What you have to do.
Whatever appears in the records should be given again exactly, down to the last mark.

**** Extracted material ****

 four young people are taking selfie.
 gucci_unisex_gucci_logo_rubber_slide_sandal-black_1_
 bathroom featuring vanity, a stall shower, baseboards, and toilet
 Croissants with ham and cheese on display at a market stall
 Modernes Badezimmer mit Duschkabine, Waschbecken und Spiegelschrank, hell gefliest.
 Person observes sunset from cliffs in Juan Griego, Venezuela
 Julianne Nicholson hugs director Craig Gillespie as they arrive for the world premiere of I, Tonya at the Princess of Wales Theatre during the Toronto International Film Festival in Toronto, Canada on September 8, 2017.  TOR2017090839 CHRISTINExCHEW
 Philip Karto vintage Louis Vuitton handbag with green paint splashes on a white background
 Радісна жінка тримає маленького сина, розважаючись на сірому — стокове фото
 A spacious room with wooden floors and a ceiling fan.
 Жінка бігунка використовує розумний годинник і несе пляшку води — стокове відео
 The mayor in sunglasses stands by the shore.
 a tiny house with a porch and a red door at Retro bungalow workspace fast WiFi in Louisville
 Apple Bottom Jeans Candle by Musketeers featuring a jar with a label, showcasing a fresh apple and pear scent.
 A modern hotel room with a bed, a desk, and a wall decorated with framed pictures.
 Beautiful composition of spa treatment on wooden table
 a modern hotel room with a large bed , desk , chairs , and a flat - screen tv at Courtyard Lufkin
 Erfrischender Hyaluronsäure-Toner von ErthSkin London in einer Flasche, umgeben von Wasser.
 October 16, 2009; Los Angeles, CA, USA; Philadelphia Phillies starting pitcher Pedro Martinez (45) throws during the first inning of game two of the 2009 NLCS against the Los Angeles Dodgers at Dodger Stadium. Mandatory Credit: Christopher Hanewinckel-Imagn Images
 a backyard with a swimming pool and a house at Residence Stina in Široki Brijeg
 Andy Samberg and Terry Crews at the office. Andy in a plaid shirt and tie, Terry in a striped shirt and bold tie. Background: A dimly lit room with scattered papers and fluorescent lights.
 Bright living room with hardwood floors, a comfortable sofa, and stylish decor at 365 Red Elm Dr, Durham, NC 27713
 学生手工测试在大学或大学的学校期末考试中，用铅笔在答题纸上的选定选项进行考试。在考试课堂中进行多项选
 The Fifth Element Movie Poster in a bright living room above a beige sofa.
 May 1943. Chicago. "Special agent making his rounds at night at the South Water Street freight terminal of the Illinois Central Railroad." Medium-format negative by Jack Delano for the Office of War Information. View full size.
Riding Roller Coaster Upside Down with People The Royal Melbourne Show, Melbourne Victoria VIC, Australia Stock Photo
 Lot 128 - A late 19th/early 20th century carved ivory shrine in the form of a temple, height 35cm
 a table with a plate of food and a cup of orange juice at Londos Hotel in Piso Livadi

****

Result of this task.
 four young people are taking selfie.
 gucci_unisex_gucci_logo_rubber_slide_sandal-black_1_
 bathroom featuring vanity, a stall shower, baseboards, and toilet
 Croissants with ham and cheese on display at a market stall
 Modernes Badezimmer mit Duschkabine, Waschbecken und Spiegelschrank, hell gefliest.
 Person observes sunset from cliffs in Juan Griego, Venezuela
 Julianne Nicholson hugs director Craig Gillespie as they arrive for the world premiere of I, Tonya at the Princess of Wales Theatre during the Toronto International Film Festival in Toronto, Canada on September 8, 2017.  TOR2017090839 CHRISTINExCHEW
 Philip Karto vintage Louis Vuitton handbag with green paint splashes on a white background
 Радісна жінка тримає маленького сина, розважаючись на сірому — стокове фото
 A spacious room with wooden floors and a ceiling fan.
 Жінка бігунка використовує розумний годинник і несе пляшку води — стокове відео
 The mayor in sunglasses stands by the shore.
 a tiny house with a porch and a red door at Retro bungalow workspace fast WiFi in Louisville
 Apple Bottom Jeans Candle by Musketeers featuring a jar with a label, showcasing a fresh apple and pear scent.
 A modern hotel room with a bed, a desk, and a wall decorated with framed pictures.
 Beautiful composition of spa treatment on wooden table
 a modern hotel room with a large bed , desk , chairs , and a flat - screen tv at Courtyard Lufkin
 Erfrischender Hyaluronsäure-Toner von ErthSkin London in einer Flasche, umgeben von Wasser.
 October 16, 2009; Los Angeles, CA, USA; Philadelphia Phillies starting pitcher Pedro Martinez (45) throws during the first inning of game two of the 2009 NLCS against the Los Angeles Dodgers at Dodger Stadium. Mandatory Credit: Christopher Hanewinckel-Imagn Images
 a backyard with a swimming pool and a house at Residence Stina in Široki Brijeg
 Andy Samberg and Terry Crews at the office. Andy in a plaid shirt and tie, Terry in a striped shirt and bold tie. Background: A dimly lit room with scattered papers and fluorescent lights.
 Bright living room with hardwood floors, a comfortable sofa, and stylish decor at 365 Red Elm Dr, Durham, NC 27713
 学生手工测试在大学或大学的学校期末考试中，用铅笔在答题纸上的选定选项进行考试。在考试课堂中进行多项选
 The Fifth Element Movie Poster in a bright living room above a beige sofa.
 May 1943. Chicago. "Special agent making his rounds at night at the South Water Street freight terminal of the Illinois Central Railroad." Medium-format negative by Jack Delano for the Office of War Information. View full size.
Riding Roller Coaster Upside Down with People The Royal Melbourne Show, Melbourne Victoria VIC, Australia Stock Photo
 Lot 128 - A late 19th/early 20th century carved ivory shrine in the form of a temple, height 35cm
 a table with a plate of food and a cup of orange juice at Londos Hotel in Piso Livadi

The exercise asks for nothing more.